— Task prompt —
Collect all lines from the listing that include the string "Casa".

※

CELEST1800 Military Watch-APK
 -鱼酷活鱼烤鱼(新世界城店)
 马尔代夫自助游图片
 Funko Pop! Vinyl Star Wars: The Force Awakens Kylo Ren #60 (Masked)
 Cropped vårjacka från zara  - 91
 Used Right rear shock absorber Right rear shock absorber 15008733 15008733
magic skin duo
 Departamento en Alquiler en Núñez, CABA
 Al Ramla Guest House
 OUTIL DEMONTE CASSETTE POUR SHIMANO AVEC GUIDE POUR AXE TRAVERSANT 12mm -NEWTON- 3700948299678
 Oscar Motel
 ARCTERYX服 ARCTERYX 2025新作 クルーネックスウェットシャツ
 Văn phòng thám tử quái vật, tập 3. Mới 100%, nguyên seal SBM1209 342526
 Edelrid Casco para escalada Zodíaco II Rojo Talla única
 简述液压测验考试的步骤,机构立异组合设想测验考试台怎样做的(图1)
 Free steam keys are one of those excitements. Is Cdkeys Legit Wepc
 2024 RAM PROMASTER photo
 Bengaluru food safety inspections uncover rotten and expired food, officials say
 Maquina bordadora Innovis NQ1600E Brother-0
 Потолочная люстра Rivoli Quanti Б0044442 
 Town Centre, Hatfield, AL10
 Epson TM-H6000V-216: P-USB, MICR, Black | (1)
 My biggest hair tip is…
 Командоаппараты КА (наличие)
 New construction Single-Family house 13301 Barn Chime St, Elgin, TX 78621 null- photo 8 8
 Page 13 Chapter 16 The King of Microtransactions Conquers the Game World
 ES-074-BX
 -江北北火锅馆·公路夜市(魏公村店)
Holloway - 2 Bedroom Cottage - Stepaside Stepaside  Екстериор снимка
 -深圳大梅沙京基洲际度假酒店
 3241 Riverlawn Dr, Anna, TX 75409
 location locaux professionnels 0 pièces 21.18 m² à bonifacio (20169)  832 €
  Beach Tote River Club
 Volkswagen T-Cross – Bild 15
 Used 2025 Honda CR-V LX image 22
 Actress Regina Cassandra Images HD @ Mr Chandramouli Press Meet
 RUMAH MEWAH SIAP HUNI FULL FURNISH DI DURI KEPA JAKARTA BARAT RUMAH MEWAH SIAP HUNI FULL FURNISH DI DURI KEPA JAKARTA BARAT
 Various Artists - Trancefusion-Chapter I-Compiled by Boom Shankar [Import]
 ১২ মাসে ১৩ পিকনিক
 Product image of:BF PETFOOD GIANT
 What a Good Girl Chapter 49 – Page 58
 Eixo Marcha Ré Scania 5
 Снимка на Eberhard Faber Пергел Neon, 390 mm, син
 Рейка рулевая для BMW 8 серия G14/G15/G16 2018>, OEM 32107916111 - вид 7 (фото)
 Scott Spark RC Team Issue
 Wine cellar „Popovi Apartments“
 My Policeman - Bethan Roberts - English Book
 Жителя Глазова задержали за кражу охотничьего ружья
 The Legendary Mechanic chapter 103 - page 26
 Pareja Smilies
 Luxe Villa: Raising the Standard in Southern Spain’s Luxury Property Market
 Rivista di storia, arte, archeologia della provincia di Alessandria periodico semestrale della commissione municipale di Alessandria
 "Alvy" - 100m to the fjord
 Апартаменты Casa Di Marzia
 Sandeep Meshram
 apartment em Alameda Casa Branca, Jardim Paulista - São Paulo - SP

※

— Task answer —
 Апартаменты Casa Di Marzia
 apartment em Alameda Casa Branca, Jardim Paulista - São Paulo - SP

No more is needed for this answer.